Madrid me trastorna. Lo ha hecho desde que lo conozco, allá, cuando aún no contaba siquiera 12 años. Mis padres nos llevaron a mi prima y a mí a "conocer mundo", como ellos solían decir. En un viejo golf rojo, con una manta de lana, nos acomodábamos dulcemente en el asiento trasero y veíamos cambiar el paisaje: a terra chá, los verdes campos gallegos, las montañas nevadas de piedrafita y la inmensa llanura de Castilla. En la radio se intercalaban éxitos del momento con los Sabandeños, Aute, Silvio y los Panchos. fue entonces, durante aquellos viajes, cuando aprendí a amar la música y los campos castellanos. Recuerdo que Madrid me pareción un lugar inhóspito. Demasiado hormigón, le dije a mi madre. Y mi madre se rió de mí, porque yo era un renacuajo asustado por el tráfico de la ciudad y no comprendía todavía que años después querría volver a ella e inundarme de aquel torrente de gente que me apabullaba en la calle Huertas, bajando hacia Sol, donde (lo recordé hace no más de dos días) me di de bruces con la realidad al ver a dos hombres mugrientos, desfallecidos, pedir dinero para comer, siendo avasallados por la multitud. Pero también fue en aquel viaje donde descrubrí a Goya. Y recuerdo perfectamente el momento preciso en el que entré en la sala y allá, al fondo a la derecha, estaba la pintura que años después me perseguiría en mis sueños, aquel Neptuno que con ojos de loco devoraba a sus hijos. Espeluznante.

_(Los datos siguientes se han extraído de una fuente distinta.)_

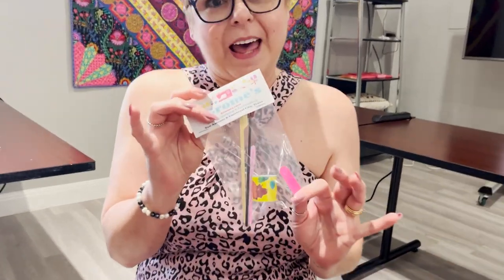Are you using these to clean the lint out of your sewing machine? Throw them away and come get Grom's bag of hacks.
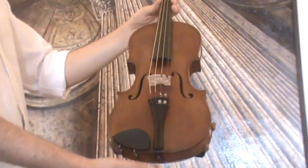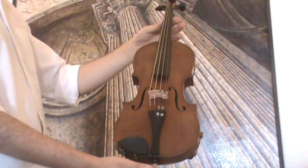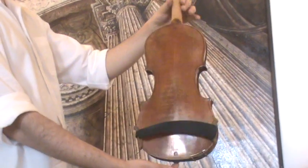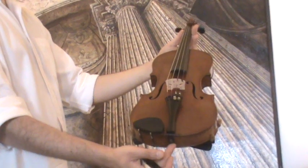Very beautiful old German Stradivarius violin, presumably around the 1920s to 1930s. The violin shows a nicely flamed two-piece maple back and a medium to fine grain spruce front.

Pero Madrid pasó de largo aquella vez. Sólo era un lugar más donde yo había ido. Otra ciudad más que nombrar en una conversación. ¿Y has estado en Madrid? Yo sí, y me encantó. Aún no era nada más para mí. Fui creciendo y conocí otros lugares. Bellísimos. Y el viejo golf rojo se quemó, junto con las cintas de los Sabandeños y de Silvio. Y las substituí por Sabina y por Quique. Y ellos me enseñaron qué era el amor, el desamor, el sexo.

Y entonces volví a Madrid. Un maravilloso fin de semana de Mayo. Parece que fue hace mucho, pero sólo han pasado dos años (increíble). Fue entonces cuando descubrí lo que la juventud me había escondido años atrás. Descubrí la libertad. El sabor dulce y muchas veces también amargo de pasear por unas calles desconocidas sin más compañía que el ritmo de tu corazón. Y nunca más volvería a ser la misma. Me conocí un poco mejor. Aunque me faltaba mucho por andar...

Han pasado muchas cosas desde aquel fin de semana. Muchas y a la vez ninguna. He llorado, he pegado golpes a las puertas, he besado, he discutido, he abandonado amigos, he educado y me han enseñado. Y he vuelto a Madrid. Y como no, la ciudad y yo hemos tenidos nuestros desacuerdos momentáneos. Incluso en un instante me he preguntado ¿qué carajo hago yo aquí si el mar está tan lejos? Discutí con ella, incluso la insulté descaradamente. Pero luego, como un pobre animal derrotado, me amansé y dejé que me abrazara y me recordara porqué la necesito. Sus calles me dan abrigo. Y libertad.